→ Your instructions:
Nothing but an exact copy of the records below counts as the answer.
*** Dataset Section Begins ***
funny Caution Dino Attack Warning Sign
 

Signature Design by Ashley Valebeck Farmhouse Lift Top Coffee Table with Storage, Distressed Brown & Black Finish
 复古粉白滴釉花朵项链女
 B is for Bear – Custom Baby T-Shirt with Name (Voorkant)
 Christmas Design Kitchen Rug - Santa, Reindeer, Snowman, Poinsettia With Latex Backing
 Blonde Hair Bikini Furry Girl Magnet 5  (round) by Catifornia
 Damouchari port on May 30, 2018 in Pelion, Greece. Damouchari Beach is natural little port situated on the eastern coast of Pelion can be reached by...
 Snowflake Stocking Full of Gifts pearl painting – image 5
*** Dataset Section Ends ***
→ Answer:
funny Caution Dino Attack Warning Sign
 

Signature Design by Ashley Valebeck Farmhouse Lift Top Coffee Table with Storage, Distressed Brown & Black Finish
 复古粉白滴釉花朵项链女
 B is for Bear – Custom Baby T-Shirt with Name (Voorkant)
 Christmas Design Kitchen Rug - Santa, Reindeer, Snowman, Poinsettia With Latex Backing
 Blonde Hair Bikini Furry Girl Magnet 5  (round) by Catifornia
 Damouchari port on May 30, 2018 in Pelion, Greece. Damouchari Beach is natural little port situated on the eastern coast of Pelion can be reached by...
 Snowflake Stocking Full of Gifts pearl painting – image 5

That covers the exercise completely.